- Assignment -
Starting at the line that contains "MANGO - Sweatshirt toast - light beige", print each line exactly through the end of the listing. Skip any pictures and add nothing.

- Supplied information -
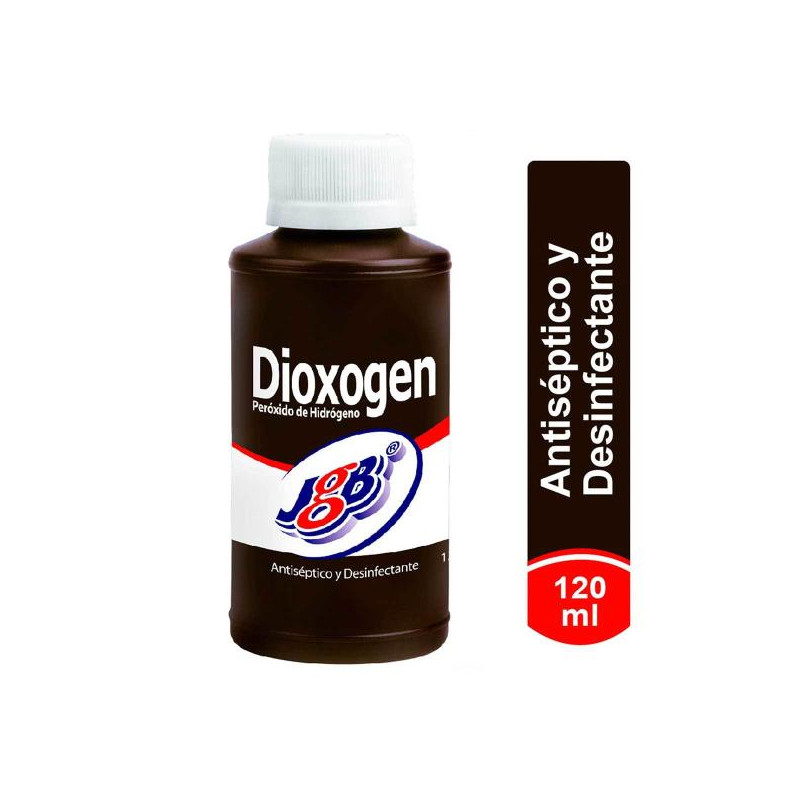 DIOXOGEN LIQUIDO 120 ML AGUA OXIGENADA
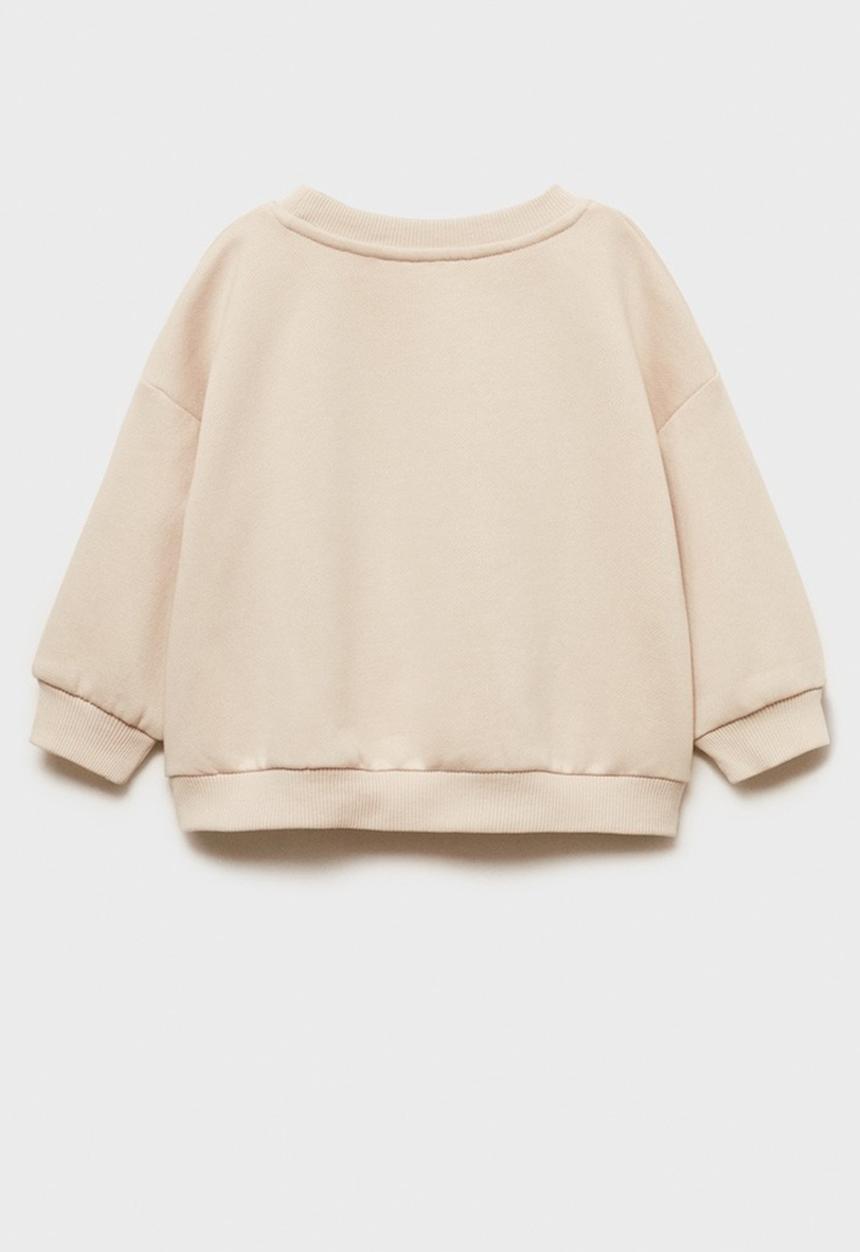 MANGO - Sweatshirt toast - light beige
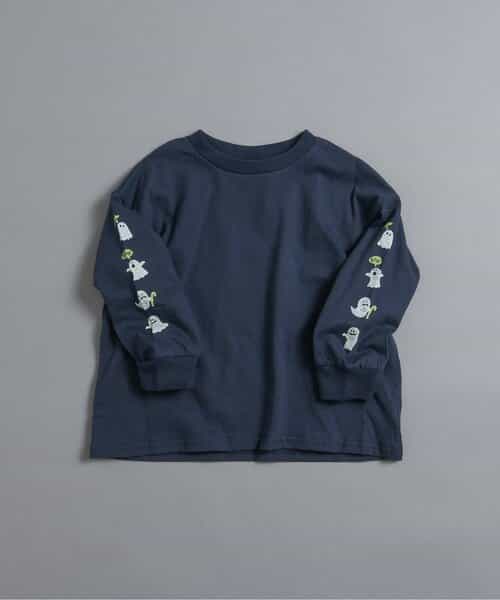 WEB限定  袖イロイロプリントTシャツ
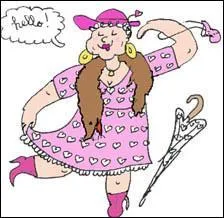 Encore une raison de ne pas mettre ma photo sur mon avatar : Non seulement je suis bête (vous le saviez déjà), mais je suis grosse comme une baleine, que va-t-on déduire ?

- Solution to this problem -
 MANGO - Sweatshirt toast - light beige
 WEB限定  袖イロイロプリントTシャツ
 Encore une raison de ne pas mettre ma photo sur mon avatar : Non seulement je suis bête (vous le saviez déjà), mais je suis grosse comme une baleine, que va-t-on déduire ?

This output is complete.